The San Antonio Mennonite Church (SAMC), which owns La Casa, occupies an old building going through major remodeling and repair that makes my Columbus Mennonite Church Facilities Commission role look like a Caribbean vacation cruise.  They have one part-time pastor, and, as far as I can tell, no regular custodial staff.  Even while this renovation is going on they offer office space to three other non-profit groups, including Conjunto.  The word conjunto describes a Tejano accordion style of music.  Mondays and Thursdays there is an open mic workshop from 3 PM till nine PM.  Saturdays three or four teachers are giving accordion lessons, and students are sitting in the hallways warming up or practicing.  Check this link.  Is this what your church sounds like?  https://www.youtube.com/watch?v=pCjLTXVCd1s

Helping with the remodeling has me well-acquainted with the local Home Depot.  As far as I can tell, all the staff are bi-lingual.  At HEB, the giant Texan grocery chain, at least 25% of the bread section is tortillas, which is to say, there is no specific Hispanic food section.

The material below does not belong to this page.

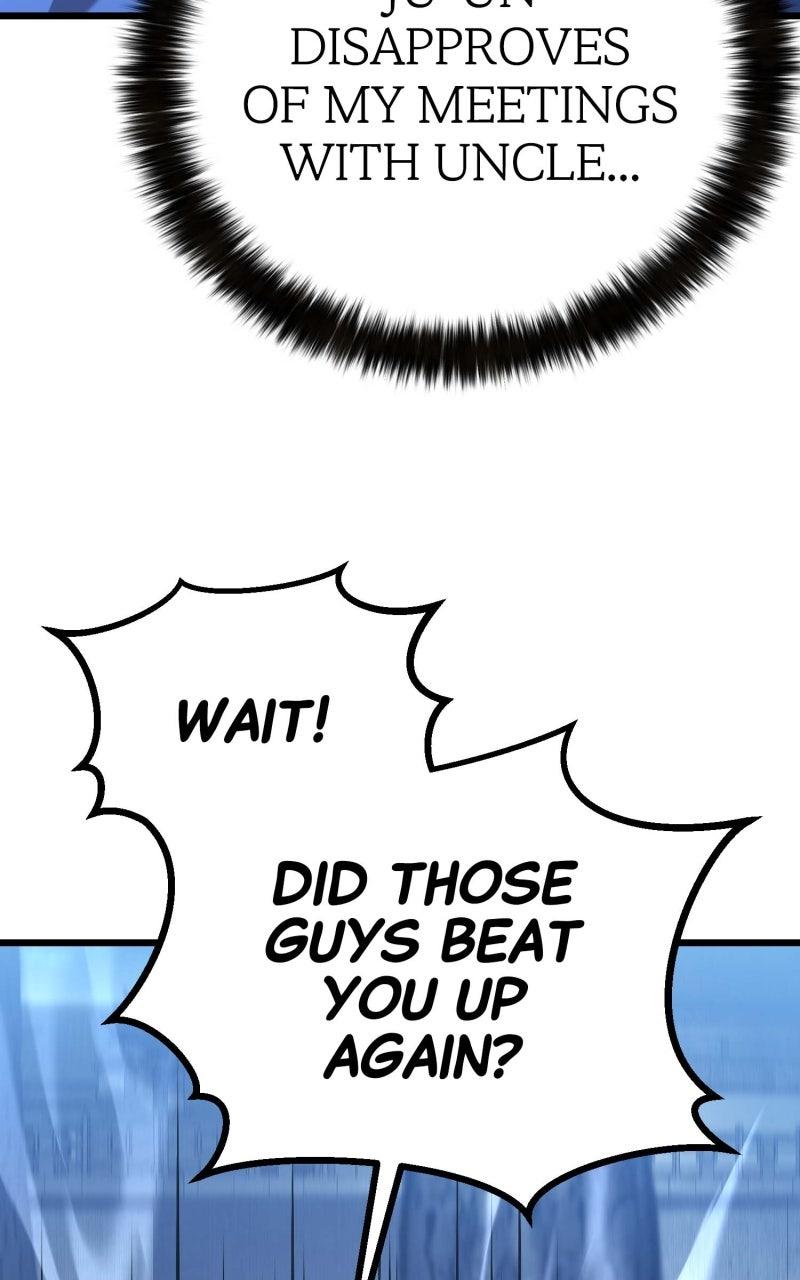 Ephemeral Bloom Episode 20 154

The Catholic gentleman, Rodollfo, who started the conjunto program a couple years ago has started to attend SAMC and has become so moved by the immigration work of the church that he is donating his family “ranchito” or small farm to the church. For the last couple decades it had been rented out to a pig farmer who accumulated two old mobile homes, three RVs, and massive piles of junk.  The mobile homes are currently temporary housing for two families from Central America, and the church is seeking funding to upgrade the water, sewer, electrical infrastructure.  The land has been in Rodolfo’s family since 1778.

One last cultural tornado image.  Jordi was a tall, thirteen year-old Angolan boy who loves basketball and LeBron James.  We had been looking at Google Maps on my laptop, and he asked if he could show me something on YouTube.  So, I was sitting on the sofa with this kid who had been in the US three days, who speaks a local Angolan language, French, and a little bit of Spanish, and we were watching a Britain’s Got Talent video of two British boys singing an amazing anti-bullying rap song.  A very special moment.